# [WHAT TO DO]
Print out the data that follows exactly, character for character, apart from the pictures.

# [INFORMATION SHOWN]
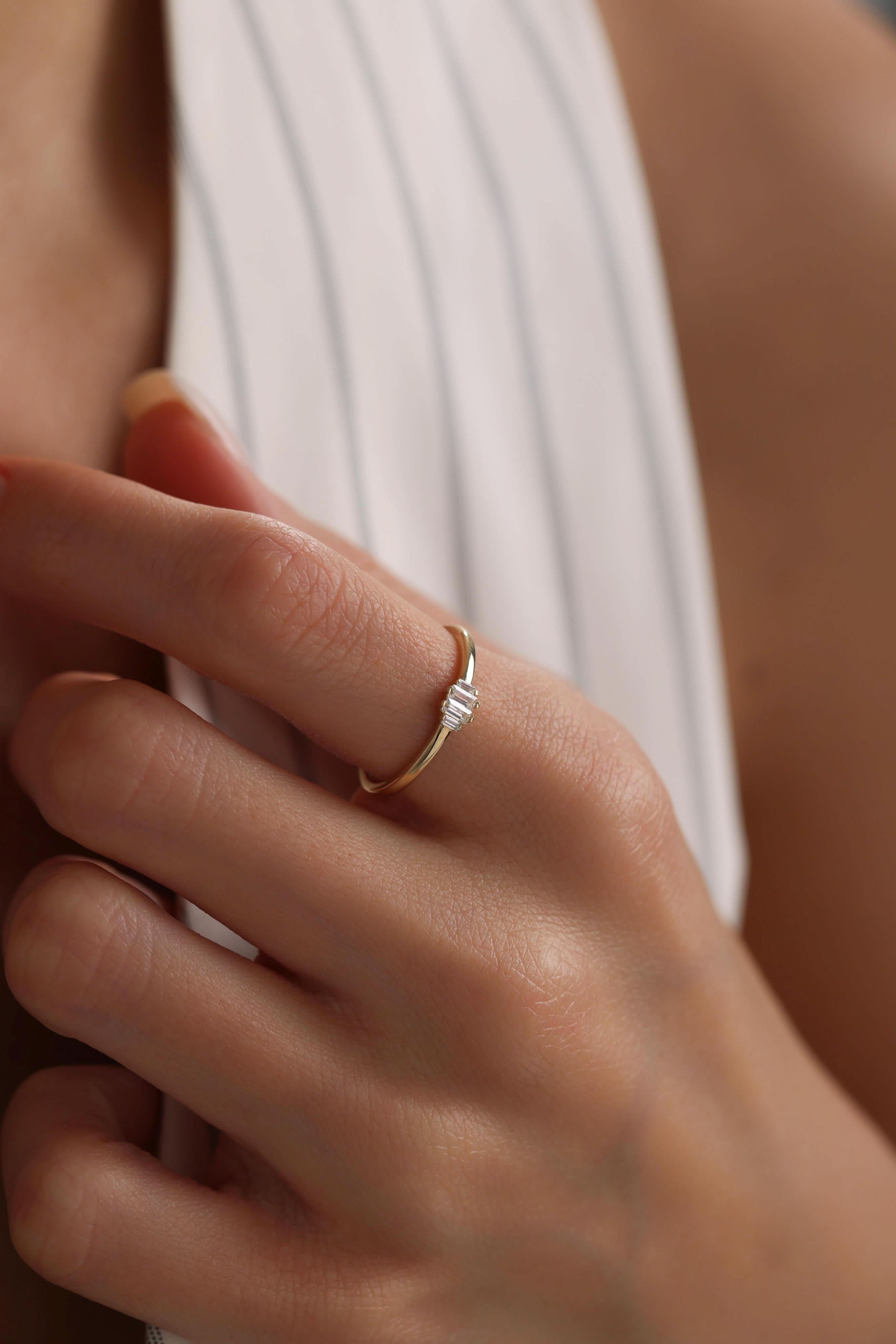 14 Ayar Bagetli Altın Yüzük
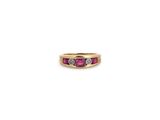une bague en or jaune sertie de saphirs roses et de diamants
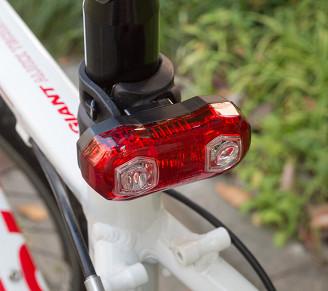 China Steady Road Cycling Lights 2.8cm 2 Sides Slow Flashing for sale
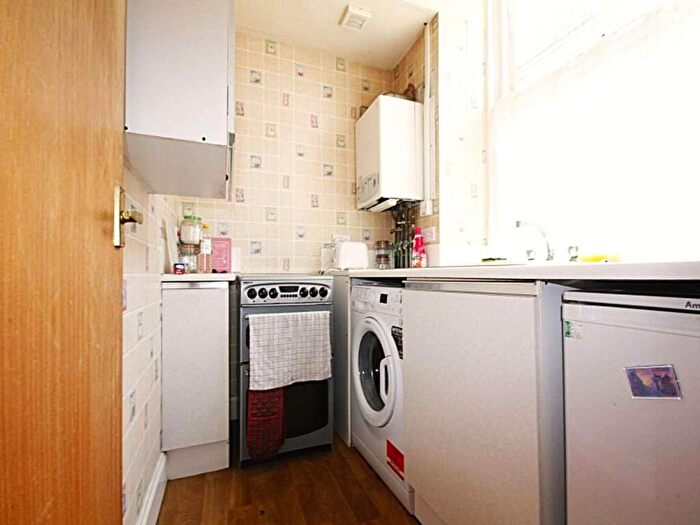 1 Bedroom Flat To Rent In Thistle Place, Viewforth, Edinburgh, EH11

# [EXERCISE RESULT]
 14 Ayar Bagetli Altın Yüzük
une bague en or jaune sertie de saphirs roses et de diamants
 China Steady Road Cycling Lights 2.8cm 2 Sides Slow Flashing for sale
 1 Bedroom Flat To Rent In Thistle Place, Viewforth, Edinburgh, EH11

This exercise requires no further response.